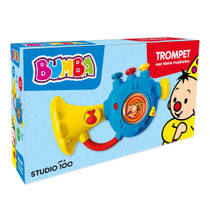 Bumba trompet - blauw productafbeelding 4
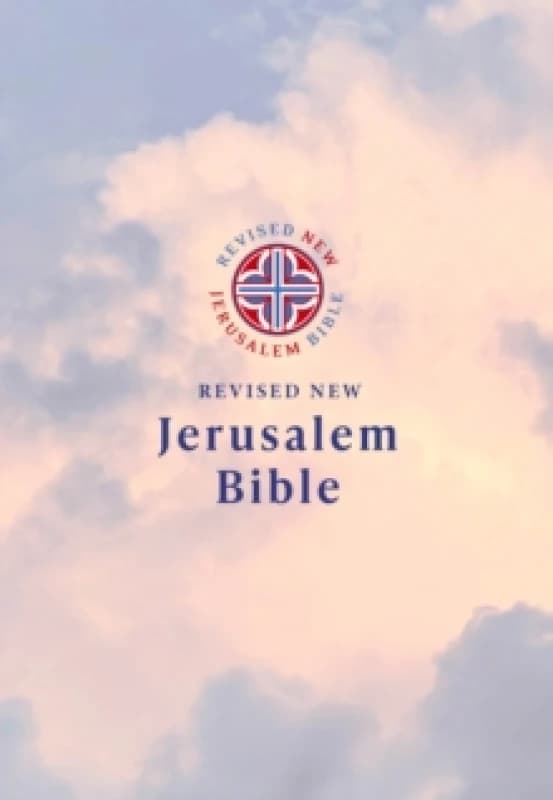 RNJB Popular Hardback Bible Hardback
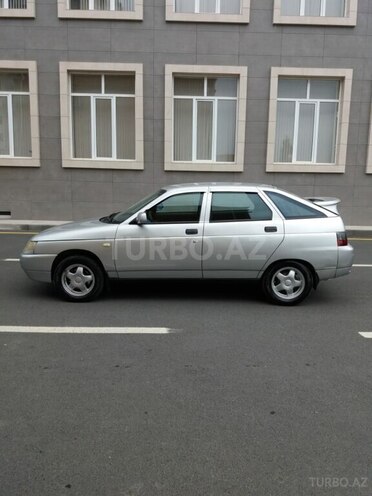 LADA (VAZ) 2112 2008, 170,178 km - 1.6 l - Balakən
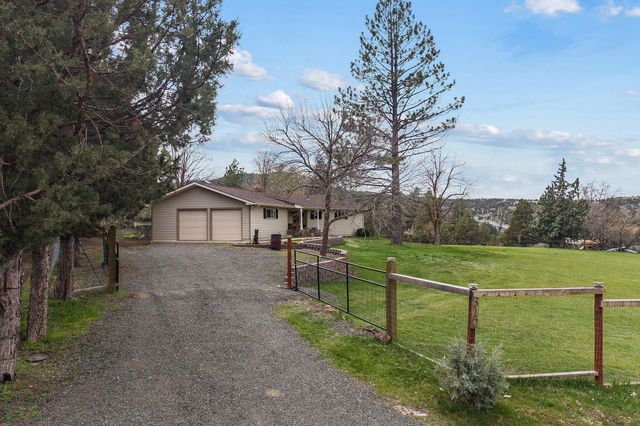 312 Edgewood Drive, Canyon City, OR 97820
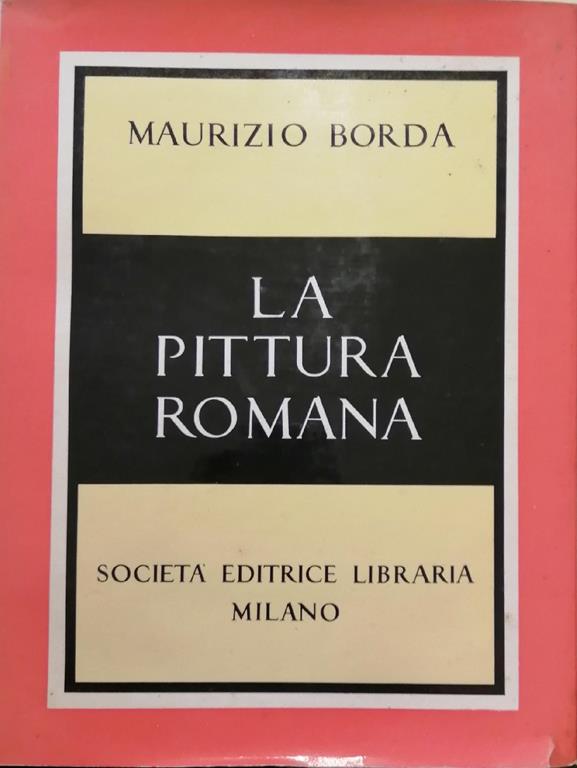 Libreria Minerva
※
WHAT IS EXPECTED:
Copy out all of the material exactly as written, without its pictures.

REPLY:
 Bumba trompet - blauw productafbeelding 4
 RNJB Popular Hardback Bible Hardback
 LADA (VAZ) 2112 2008, 170,178 km - 1.6 l - Balakən
 312 Edgewood Drive, Canyon City, OR 97820
 Libreria Minerva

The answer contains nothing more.